◆ **PROVIDED MATERIAL**
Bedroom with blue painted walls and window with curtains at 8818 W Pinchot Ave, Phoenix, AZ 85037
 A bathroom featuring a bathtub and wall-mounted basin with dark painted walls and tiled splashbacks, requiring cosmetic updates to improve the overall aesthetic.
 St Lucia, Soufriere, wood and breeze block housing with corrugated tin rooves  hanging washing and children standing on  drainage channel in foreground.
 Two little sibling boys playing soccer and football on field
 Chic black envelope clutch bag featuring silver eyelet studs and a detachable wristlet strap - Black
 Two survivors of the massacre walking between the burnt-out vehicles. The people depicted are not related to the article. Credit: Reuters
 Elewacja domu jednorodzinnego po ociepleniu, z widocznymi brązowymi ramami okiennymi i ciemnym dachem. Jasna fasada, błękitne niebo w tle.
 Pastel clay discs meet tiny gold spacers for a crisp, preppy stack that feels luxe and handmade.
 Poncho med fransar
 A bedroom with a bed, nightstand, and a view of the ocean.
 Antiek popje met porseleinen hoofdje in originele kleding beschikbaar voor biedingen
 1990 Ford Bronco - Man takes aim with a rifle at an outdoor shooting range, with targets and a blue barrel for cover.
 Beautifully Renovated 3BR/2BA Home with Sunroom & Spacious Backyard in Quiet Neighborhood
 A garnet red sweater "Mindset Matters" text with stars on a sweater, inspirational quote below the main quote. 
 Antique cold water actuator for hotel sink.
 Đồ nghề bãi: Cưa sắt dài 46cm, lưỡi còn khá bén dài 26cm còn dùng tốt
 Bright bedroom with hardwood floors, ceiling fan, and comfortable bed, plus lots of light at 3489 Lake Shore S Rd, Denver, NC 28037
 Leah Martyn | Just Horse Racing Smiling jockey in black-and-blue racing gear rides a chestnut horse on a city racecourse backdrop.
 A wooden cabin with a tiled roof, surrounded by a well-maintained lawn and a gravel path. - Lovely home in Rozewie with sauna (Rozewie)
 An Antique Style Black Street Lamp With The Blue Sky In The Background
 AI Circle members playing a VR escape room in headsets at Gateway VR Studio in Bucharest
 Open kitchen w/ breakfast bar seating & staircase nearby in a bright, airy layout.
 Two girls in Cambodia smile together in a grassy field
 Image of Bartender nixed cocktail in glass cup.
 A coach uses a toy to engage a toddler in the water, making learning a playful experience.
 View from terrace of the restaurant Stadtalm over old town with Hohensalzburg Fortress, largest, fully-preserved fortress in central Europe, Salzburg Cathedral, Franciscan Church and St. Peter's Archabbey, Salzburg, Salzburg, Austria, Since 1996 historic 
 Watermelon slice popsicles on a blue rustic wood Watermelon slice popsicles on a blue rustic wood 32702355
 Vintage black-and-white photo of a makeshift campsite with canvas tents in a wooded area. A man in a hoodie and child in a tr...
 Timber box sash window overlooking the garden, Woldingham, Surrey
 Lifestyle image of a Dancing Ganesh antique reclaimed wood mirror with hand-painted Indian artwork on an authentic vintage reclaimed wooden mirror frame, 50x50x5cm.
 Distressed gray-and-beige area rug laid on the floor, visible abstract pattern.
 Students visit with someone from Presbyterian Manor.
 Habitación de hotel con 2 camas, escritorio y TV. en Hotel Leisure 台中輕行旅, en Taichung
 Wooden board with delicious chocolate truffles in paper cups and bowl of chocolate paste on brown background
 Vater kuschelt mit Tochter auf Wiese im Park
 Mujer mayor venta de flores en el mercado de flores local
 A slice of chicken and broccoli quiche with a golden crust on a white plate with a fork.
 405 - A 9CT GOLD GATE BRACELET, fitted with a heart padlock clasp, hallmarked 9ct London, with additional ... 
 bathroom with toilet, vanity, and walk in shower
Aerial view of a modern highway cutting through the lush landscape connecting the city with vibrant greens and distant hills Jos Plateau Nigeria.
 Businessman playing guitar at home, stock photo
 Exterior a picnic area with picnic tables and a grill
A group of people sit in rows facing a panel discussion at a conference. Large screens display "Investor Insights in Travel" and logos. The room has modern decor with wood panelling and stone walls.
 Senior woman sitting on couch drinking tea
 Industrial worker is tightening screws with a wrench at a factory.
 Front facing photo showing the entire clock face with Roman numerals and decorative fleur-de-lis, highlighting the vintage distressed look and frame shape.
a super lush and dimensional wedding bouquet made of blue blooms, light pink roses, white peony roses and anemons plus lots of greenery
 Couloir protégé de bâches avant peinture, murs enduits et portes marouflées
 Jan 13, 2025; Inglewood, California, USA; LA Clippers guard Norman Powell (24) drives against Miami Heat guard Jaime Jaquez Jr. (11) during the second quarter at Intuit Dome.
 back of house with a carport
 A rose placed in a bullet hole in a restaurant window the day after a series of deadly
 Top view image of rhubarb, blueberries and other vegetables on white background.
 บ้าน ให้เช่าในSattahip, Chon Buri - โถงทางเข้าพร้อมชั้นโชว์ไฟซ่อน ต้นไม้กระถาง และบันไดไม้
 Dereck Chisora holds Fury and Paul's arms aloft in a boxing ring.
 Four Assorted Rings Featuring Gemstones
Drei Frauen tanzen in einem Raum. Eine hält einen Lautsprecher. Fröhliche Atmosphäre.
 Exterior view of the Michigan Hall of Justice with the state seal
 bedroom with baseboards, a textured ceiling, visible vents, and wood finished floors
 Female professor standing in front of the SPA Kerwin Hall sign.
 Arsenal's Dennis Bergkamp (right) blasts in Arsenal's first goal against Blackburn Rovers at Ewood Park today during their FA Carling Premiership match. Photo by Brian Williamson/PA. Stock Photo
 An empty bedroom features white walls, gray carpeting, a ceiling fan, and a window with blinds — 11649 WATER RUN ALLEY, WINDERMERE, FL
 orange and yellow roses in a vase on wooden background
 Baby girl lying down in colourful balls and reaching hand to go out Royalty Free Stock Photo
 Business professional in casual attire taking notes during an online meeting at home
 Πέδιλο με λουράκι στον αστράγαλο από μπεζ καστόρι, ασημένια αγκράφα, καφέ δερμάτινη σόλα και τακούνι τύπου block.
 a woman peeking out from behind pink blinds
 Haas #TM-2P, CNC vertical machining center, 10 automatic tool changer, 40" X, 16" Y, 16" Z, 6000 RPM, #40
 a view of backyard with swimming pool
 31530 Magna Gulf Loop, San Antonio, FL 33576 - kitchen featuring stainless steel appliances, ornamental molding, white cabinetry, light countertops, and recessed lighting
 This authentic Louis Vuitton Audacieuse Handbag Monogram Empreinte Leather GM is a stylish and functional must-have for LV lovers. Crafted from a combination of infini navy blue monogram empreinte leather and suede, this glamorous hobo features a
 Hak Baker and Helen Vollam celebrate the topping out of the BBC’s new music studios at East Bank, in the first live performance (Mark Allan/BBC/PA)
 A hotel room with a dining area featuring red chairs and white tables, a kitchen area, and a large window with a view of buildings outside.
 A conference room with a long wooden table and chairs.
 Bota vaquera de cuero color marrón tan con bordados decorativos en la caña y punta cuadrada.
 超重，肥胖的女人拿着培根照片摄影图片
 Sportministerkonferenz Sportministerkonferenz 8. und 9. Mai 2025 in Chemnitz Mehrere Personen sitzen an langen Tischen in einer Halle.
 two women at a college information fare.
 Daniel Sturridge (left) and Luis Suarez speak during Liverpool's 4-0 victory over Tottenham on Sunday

◆ **TASK GOAL**
Look back at the entries above and repeat, unchanged, every line from the line holding "Businessman playing guitar" through the line holding "Four Assorted Rings Featuring Gemstones".

◆ **TASK RESULT**
 Businessman playing guitar at home, stock photo
 Exterior a picnic area with picnic tables and a grill
A group of people sit in rows facing a panel discussion at a conference. Large screens display "Investor Insights in Travel" and logos. The room has modern decor with wood panelling and stone walls.
 Senior woman sitting on couch drinking tea
 Industrial worker is tightening screws with a wrench at a factory.
 Front facing photo showing the entire clock face with Roman numerals and decorative fleur-de-lis, highlighting the vintage distressed look and frame shape.
a super lush and dimensional wedding bouquet made of blue blooms, light pink roses, white peony roses and anemons plus lots of greenery
 Couloir protégé de bâches avant peinture, murs enduits et portes marouflées
 Jan 13, 2025; Inglewood, California, USA; LA Clippers guard Norman Powell (24) drives against Miami Heat guard Jaime Jaquez Jr. (11) during the second quarter at Intuit Dome.
 back of house with a carport
 A rose placed in a bullet hole in a restaurant window the day after a series of deadly
 Top view image of rhubarb, blueberries and other vegetables on white background.
 บ้าน ให้เช่าในSattahip, Chon Buri - โถงทางเข้าพร้อมชั้นโชว์ไฟซ่อน ต้นไม้กระถาง และบันไดไม้
 Dereck Chisora holds Fury and Paul's arms aloft in a boxing ring.
 Four Assorted Rings Featuring Gemstones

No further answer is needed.